I take it you mean whether interpretation of law can be made more prosecution friendly.
The answer to that is that there is a rule of interpretation called the “rule of lenity”, that multiple interpretations are possible, the one most favourable to the defendant will be adopted.


The term is interlocutory appeal, an appeal of a trial court’s ruling prior to judgement.

So suppose in the hypothetical that a trial court judge make a ruling to exclude evidence gathered from a Facebook profile without a warrant. At that point the prosecutor could request a recess in order to file an interlocutory appeal requesting the relevant appeals court overturn the trial court’s ruling excluding the evidence. And if the appeals court overturns the trial court’s ruling then they issue a decision which sends the matter back to the trial court with an order to admit the evidence at issue.
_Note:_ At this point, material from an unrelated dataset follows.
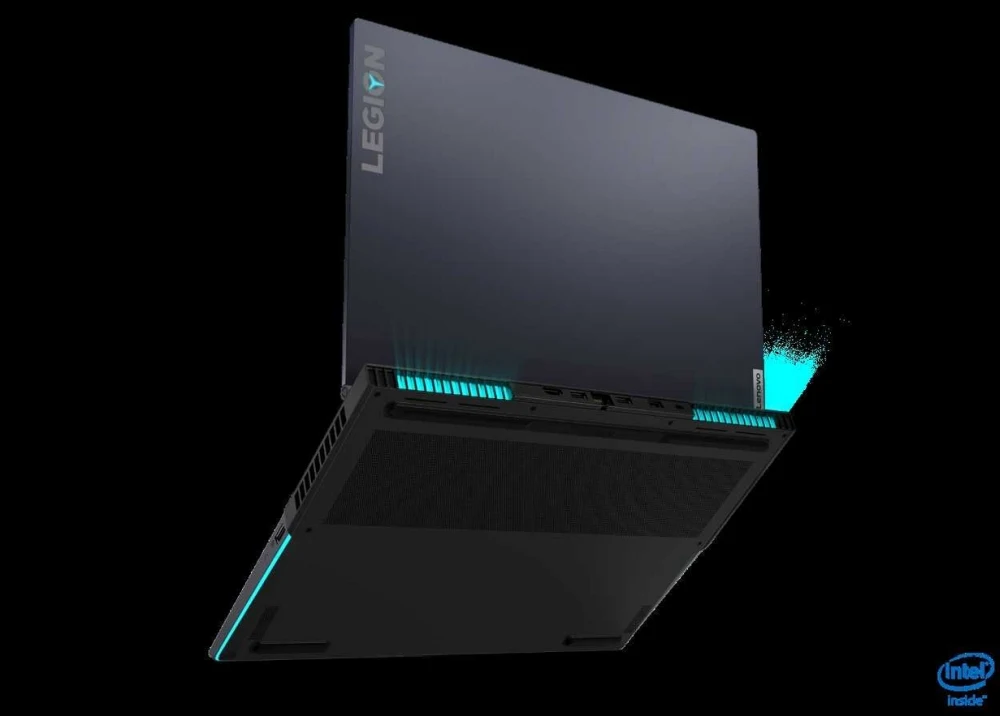 Nowe laptopy Lenovo dla graczy Nowe laptopy Lenovo dla graczy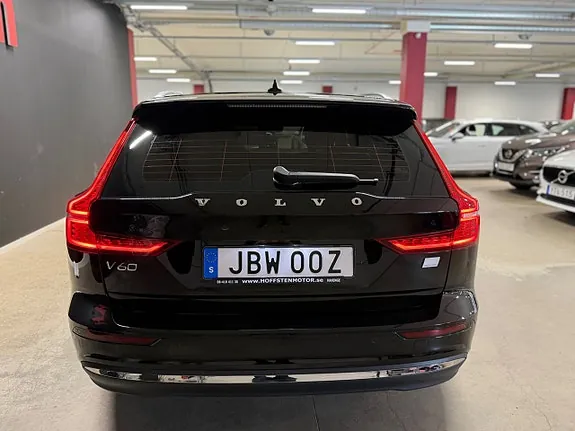 Volvo V60 2023 photo 4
The defendant could appeal the appeal’s court’s ruling to the relevant state or US high court.

Generally the state high court* and the US Supreme Court are not required to hear an appeal and could let the appeals court or trial court’s ruling stand without hearing arguments.

And if the appeals court initially upholds the trial court’s exclusion of evidence the prosecutor could attempt to appeal that ruling to the relevant state high court or US Supreme Court.

  • The name of the highest court of appeal in a state court system is not uniformly called that state’s “Supreme Court”. In New York state The Supreme Court of the State of New York is a trial court, where most trials in cases of general jurisdictions would be held.

Obviously not a universal answer to the OP, but Brennan v HMA was a Scottish appeal that set/confirmed the precedent that intoxication could not ever be used as defence in a murder trial in Scotland.

It seems that the defence tried to prove insanity (a “special defence” in Scotland) and alternatively requested that the jury find the accused guilty of the lesser crime of culpable homicide. The original judge forbade the jury from each of these verdicts - I believe he did this in order to intentionally force an appeal and thereby get the higher court to forever banish these defences.